PRESQUE ISLE, Maine — This summer, Frank Kearney finds himself in a familiar routine, but one he’d rather not be in.

“We’re going into the dry time of the summer and you can tell by looking at the Aroostook River that it’s already low,” said Kearney, superintendent of the Presque Isle Utilities District.

The PIUD supplies drinking water to almost 6,000 people in Presque Isle from two river-fed wells drawing from a gravel aquifer that in turn is dependent on steady infiltration from the Aroostook River. In August of last year, during the height of a drought, Kearney was prepared to ask the PIUD’s customers to make voluntary cutbacks to water usage.

“I’m concerned earlier this year because it’s dry already,” Kearney said Wednesday. “For this time of year, it’s way below average.”

Each day, Kearney and other PIUD staff monitor the Aroostook River’s flow levels, via the National Weather Service’s Northeast River Forecasting Center.

On July 11, the river was flowing at 323 cubic feet per second, compared to the average for that date of more than 1,000 cubic feet per second, Kearney said.

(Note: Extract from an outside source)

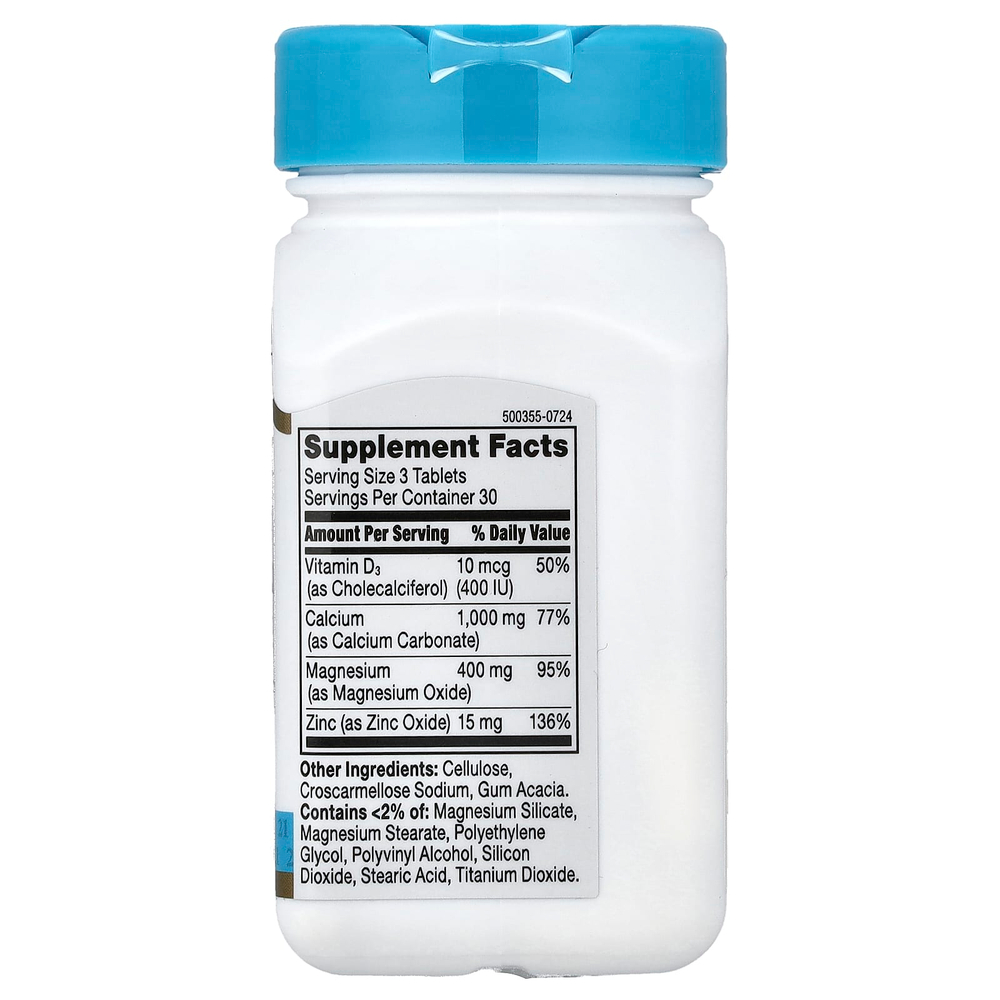 21st Century, кальций, магний и цинк + D3, 90 таблеток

The record low for July 11 was 176 cubic feet per second in 1991.

Presque Isle Utilities District Manager Frank Kearney checks on the Aroostook River’s flow levels multiple times a day. The Aroostook River feeds gravel aquifers that supply drinking water to almost 6,000 people, and as of July, the river’s flow is less than half of the average for this time of year.
(Anthony Brino)

Aroostook County’s farms and gardens also could use rain, although Kearney, a former potato farmer, said that the area’s potato crops are so far looking excellent despite the recent dry spell and colder start to the growing season.

According to the U.S. Drought Monitor as of July 3, southern Maine and parts of western Maine were in a state of moderate drought, while portions of central and western Maine were considered abnormally dry. Northern and Down East Maine were not considered to be either, although according to the National Weather Service, northern Maine ended the month of June with slightly below-average precipitation.

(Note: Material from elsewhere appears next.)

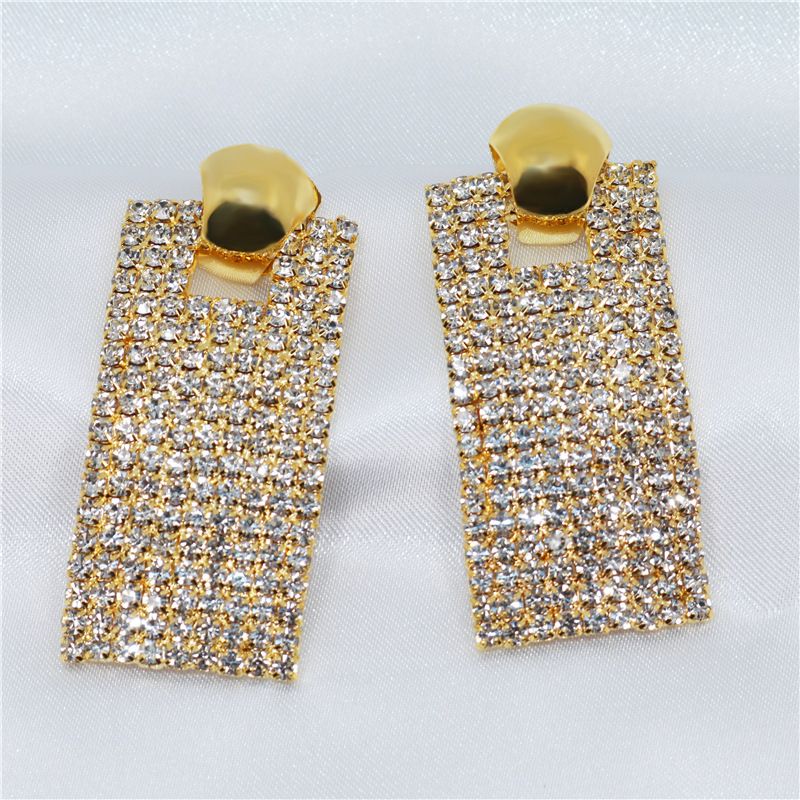 Nuovi orecchini quadrati con catena a griffe lunga e diamanti d'acqua, Yiwu, piccoli gioielli_voghion.com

For July, the outlook from the National Weather Service’s Climate Prediction Center forecast an increased likelihood of below-average rainfall and above-average temperatures.

Kearney said the low river levels this early in the driest parts of the year have him worried.

“It’s happening sooner than it did last year. I don’t know how much worse it can get than last year. We don’t want to panic quite so much, but we’re seeing the effect of the low river for sure.”

The PIUD has never had to ask its customers to take water conservation measures, but that always remains an option, Kearney said.

The PIUD started using the river-fed wells in 2005, after decades of using surface water — an unreliable source of clean drinking water — from the Presque Isle Stream.

The river-fed wells have been successful overall, but they are more subject to the river’s influence than engineers believed at the time, Kearney said.

The Caribou Utilities District also has river-fed wells, but they are set further back from the river and have better geologic conditions that make them much less exposed to low river levels, said Caribou Utilities District manager Hugh Kirkpatrick.

Kearney said the PIUD has begun an effort to add another well as an alternative source of drinking water to supplement the current wells.

“It would add some supply security,” he said.

Many water utilities in Maine have similar river-fed wells for drinking water, aside from the larger lakes that can supply a consistent clean water supply, Kearney said. Traditional groundwater wells are often insufficient for public drinking water supplies because they can contain metals such as arsenic and aren’t capable of drawing the large quantities needed for a public utility.

“A real good household well might yield five gallons a minute.” The PIUD pumps 600 gallons per minute to meet an average need of 1 million gallons a day, Kearney said.

The PIUD is in the early stages of the effort to add another well and is in discussions with a landowner.

“Developing a well can take at least two years and it would cost, my guess, $1 million easy,” Kearney said.

“I think we’ve got a better than 50-50 chance of getting a usable amount of water and all the water along the Aroostook River is good quality.”